The best antidote to ethical lapses is to commit in advance to a set of ethical principles. A Code of Ethics helps defines common standards for making ethically sensitive decisions. Your personal ethical code can be as simple as a few sentences or as long as many pages.
It is mandatory for all members of The Institute to adhere to the Code of Ethics set forth in these principles. And, chapter and committee officers and members are expected to adhere to the requirements established within their respective charters.
Definition - A code of ethics is a set of rules outlining the responsibilities of or proper practices for an individual or organization.
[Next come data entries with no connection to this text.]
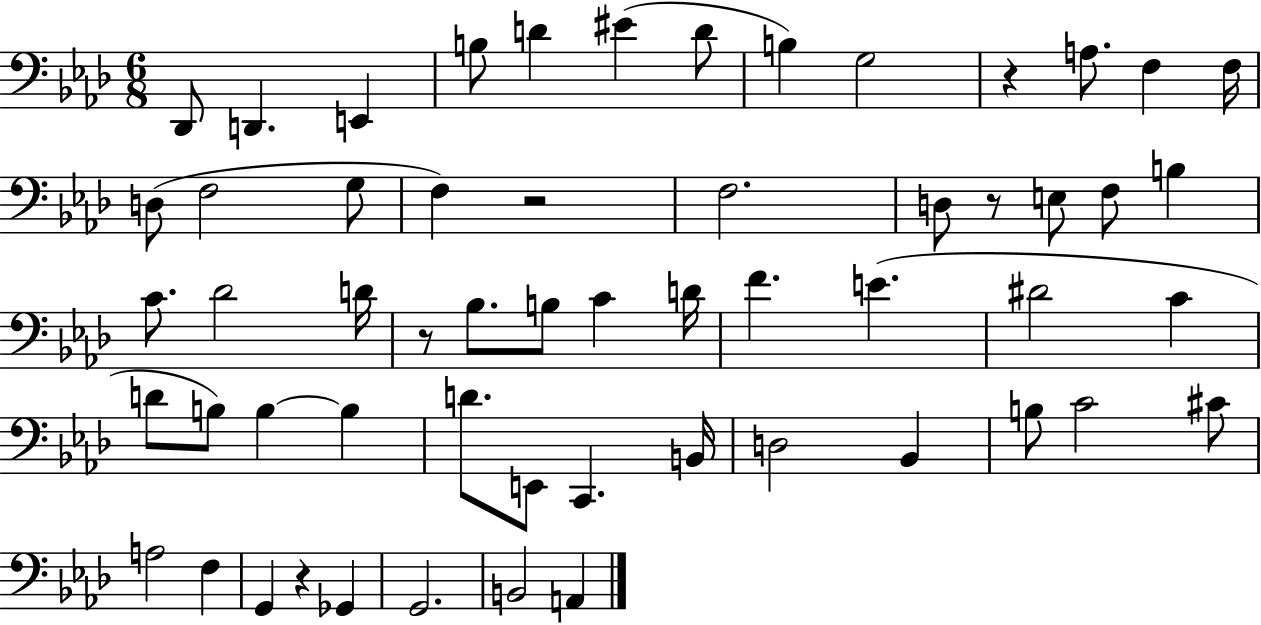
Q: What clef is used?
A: bass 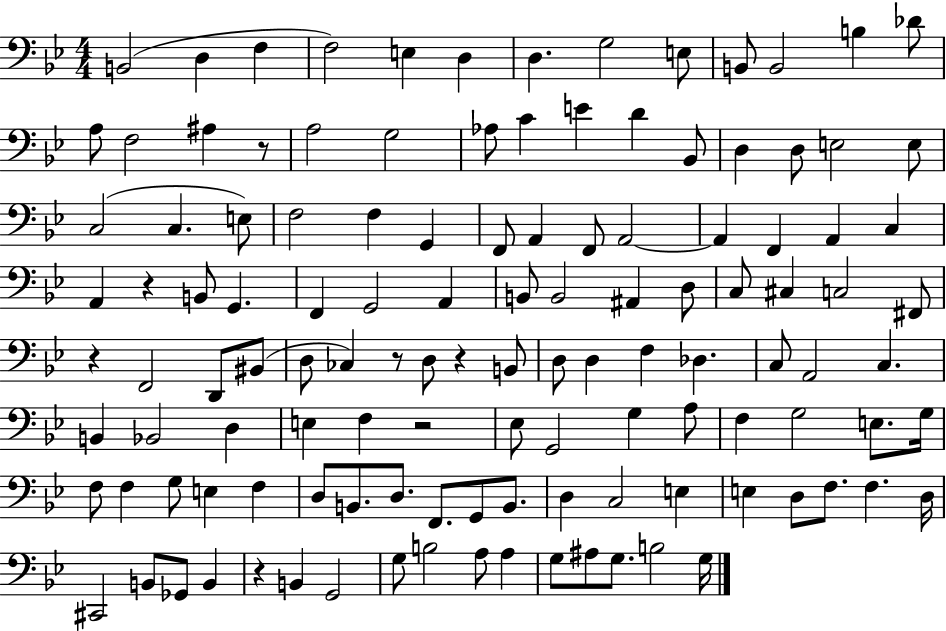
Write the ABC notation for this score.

X:1
T:Untitled
M:4/4
L:1/4
K:Bb
B,,2 D, F, F,2 E, D, D, G,2 E,/2 B,,/2 B,,2 B, _D/2 A,/2 F,2 ^A, z/2 A,2 G,2 _A,/2 C E D _B,,/2 D, D,/2 E,2 E,/2 C,2 C, E,/2 F,2 F, G,, F,,/2 A,, F,,/2 A,,2 A,, F,, A,, C, A,, z B,,/2 G,, F,, G,,2 A,, B,,/2 B,,2 ^A,, D,/2 C,/2 ^C, C,2 ^F,,/2 z F,,2 D,,/2 ^B,,/2 D,/2 _C, z/2 D,/2 z B,,/2 D,/2 D, F, _D, C,/2 A,,2 C, B,, _B,,2 D, E, F, z2 _E,/2 G,,2 G, A,/2 F, G,2 E,/2 G,/4 F,/2 F, G,/2 E, F, D,/2 B,,/2 D,/2 F,,/2 G,,/2 B,,/2 D, C,2 E, E, D,/2 F,/2 F, D,/4 ^C,,2 B,,/2 _G,,/2 B,, z B,, G,,2 G,/2 B,2 A,/2 A, G,/2 ^A,/2 G,/2 B,2 G,/4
In its 2007 International Good Practice Guidance, Defining and Developing an Effective Code of Ethics for Organizations, the International Federation of Accountants provides the following working definition: "Principals, values, standards, or rules of behavior that guide the decisions, procedures and systems of an organization in a way that (a) contributes to the welfare of its key stakeholders, and (b) respects the rights of all constituents affected by its operations.”
Principles - The Institute’s code of ethics contains five principles or components - integrity, objectivity, confidentiality, professional competency, and tone at the top.
- Integrity - The principle of integrity establishes the expectation of all members of The Institute to be honest and straightforward in all professional activities, dealings with others, and when representing our organization in any public forum. This principle also specifies that our members should not falsify information within their organization or provide misleading or false statement to others.
- Objectivity - The principle of objectivity establishes the expectation of all members of The Institute not to compromise their professional or business judgment because of bias, undue influence of others or conflict of interest. A member may be exposed to such situations and should make every effort to avoid the situation. If there are any known conflict of interest situations, they should be remediated immediately.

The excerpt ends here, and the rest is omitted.